いしいしんじさんの新刊が出ました。

『まあたらしい一日』(文・いしいしんじ、絵・tupera tupera、BL出版)

 

 

 日はまたのぼり、日はしずむ。

 えんえんくりかえされる、そのことを、わたしの弟は、ひらすら不思議におもっている。

  疑念さえうったえてはばからない。

 「ねえ、きょうのぼってくるあの日が、きのうとおなじ日だなんて、どうしてわかる?」

 「よくごらんよ」わたしはいう。「右のはしっこに、ゆうべ、シール、はっといたから」

 

  弟がとなりでねむってる。
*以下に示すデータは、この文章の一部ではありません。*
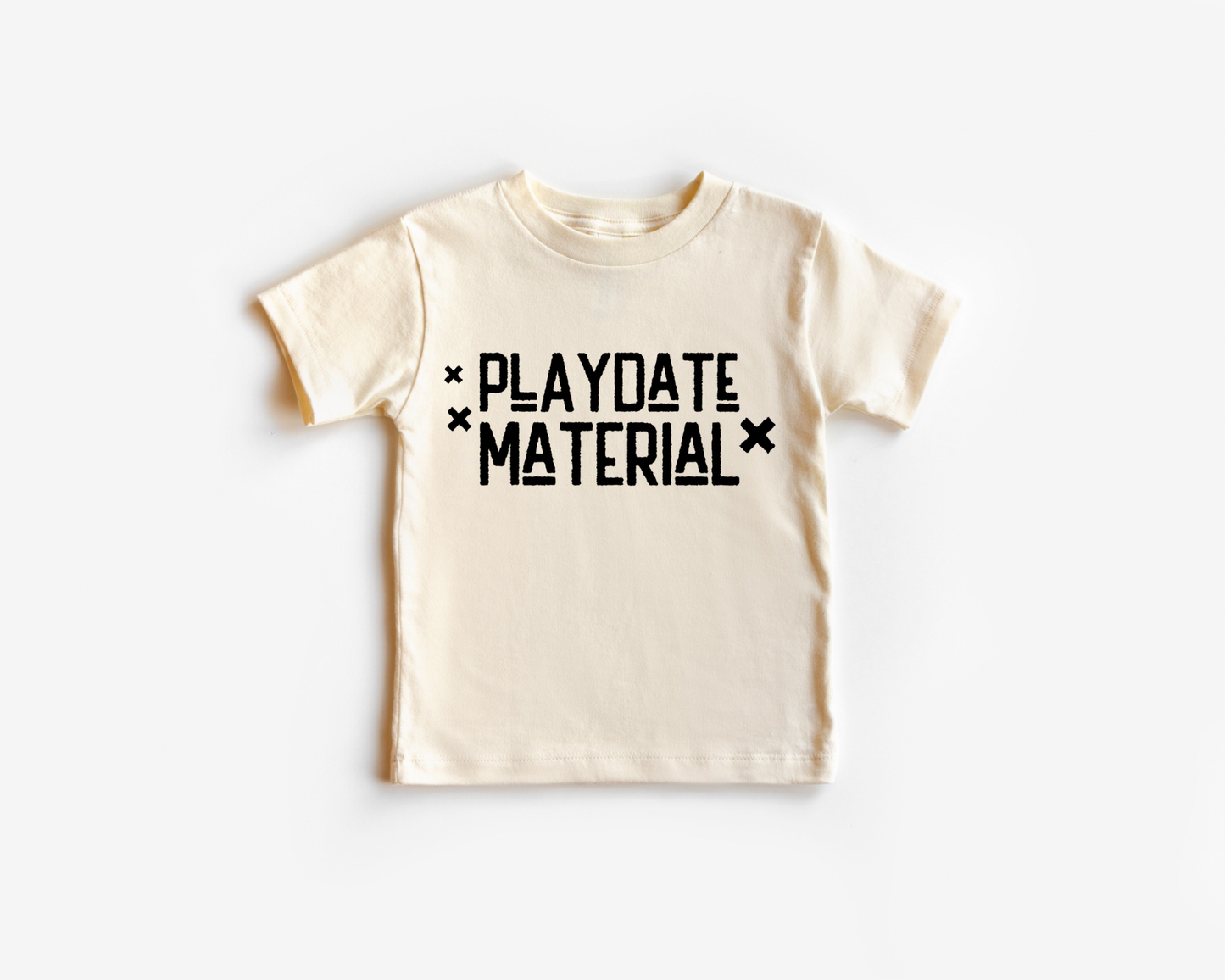Playdate Material | 100% Cotton Baby Bodysuit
わたしは、ふとんから目と鼻だけだして、天井をみつめてる。

 ほんとうにそう?日はまた、まちがいなくのぼるの?

 じつはしずみっぱなしだとしたら?

 明日の夜明けごろになっても真っ暗で、あたりはガジガジこおりつき

 もうだれの顔も光の下で見ることができなくなったとしたら? ……

 

 夜明け前、庭に出る。じっと見つめている東の空が、

 一瞬むらさきに、そうして、だんだん白銀にそまっていく。

 ぶなの梢(こずえ)がしなった気がする。雲のあいだから曙(あけぼの)の、

 桃色の指がのびてきて、あたしたちの鼻をさわる。

 「はじめまして、きょうの日!」黄金色の光にむかい、

 わたしはそっと声にだしてみる。

 「きょうも、うちの弟をよろしくお願いね!」

 

 作家のいしいしんじさんは、読売新聞の「人生案内」の回答者。読者のさまざまな悩みに、切り口鮮やかに、しかも熱をもって答えておられる。

 いしいしんじさんと私の共通点。それは尊敬する人物が、天才バカボンのパパだということ。バカボンのパパの「これでいいのだ」は深い。「ま、いいから、いいから」をアウフヘーベンしたところの境地か。

 

 「バカボンのパパ」論はまたこんど。